It is therefore important to find means to enter into dialogue with these people, particularly with opinion leaders. When it comes to democracy, the most important factor is education, education and more education. It is imperative that people go to school, yet too few do. Fifty per cent of the world's population is under 25, and 1.3 billion people are aged between 10 and 19. As it stands at the moment, nearly 200 million children will never even spend one day at school. Yet, at the same time, we nowadays talk about building democracy, developing the market economy, and so forth. Education is key.
My next point relates to what Maureen said earlier. People cannot influence societies that are not their own. It is therefore imperative to work with people who have great influence in their society, and who can educate people by talking in simple terms about issues that affect peoples' lives, people who can get to the heart of the matter. It is important to preserve the positive aspects of their heritage while filtering out those that are less beneficial.

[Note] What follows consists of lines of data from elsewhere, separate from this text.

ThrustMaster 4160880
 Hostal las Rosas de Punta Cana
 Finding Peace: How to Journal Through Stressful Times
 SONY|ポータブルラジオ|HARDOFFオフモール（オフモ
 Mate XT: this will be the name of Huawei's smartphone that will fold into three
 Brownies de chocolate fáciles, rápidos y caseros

I am increasingly convinced that our policy must also experience what I refer to in my brief as our “Copernican revolution”. We have to completely reassess our understanding of the world because it has undergone profound changes.
Let us take the example of women's rights. Which country has done the most, in terms of legislation, to advance women's rights? I believe the answer is India. The constitutional amendments introduced in India in 1992 requiring local and provincial governments to reserve one third of seats for women changed the agenda regarding education for young girls, public health, housing, sanitation, etc.
We have carried out several studies on this subject. A major conference on democracy in Asia was held in Toronto in June. It was attended by several Indian experts with experience in this field, including Ms. Gopal Jayal, who, although relatively unknown here, is very famous in Asia. With the support of a large team, she worked from 1992 to 2005 to bring about this constitutional change. Their analysis shows that the fact that, in two thirds of Indian states, one third of those elected to local and regional governments, and thus able to participate in public debate, are women has had a considerable impact.
Of course, there are problems, but we can learn from them.
:
Thank you very much, Mr. Chairman. Ladies and gentlemen of the committee, good afternoon.
[English]
The Canadian Constitution recognizes “peace, order and good government” as fundamental purposes of the state. It's now understood, if not universally accepted, by the international community that good government is a requirement and an essential element of sustainable development. Democracy--citizen voice in government and government accountability to citizens--is increasingly recognized as a global norm.
But democracy and good government do not happen automatically--far from it. They're the result of a long, hard, and frequently dangerous struggle by citizens over many years. Democratic development is the effort to assist that struggle through peaceful international cooperation. It follows that support for democratic development should be seen as a Canadian service to the world.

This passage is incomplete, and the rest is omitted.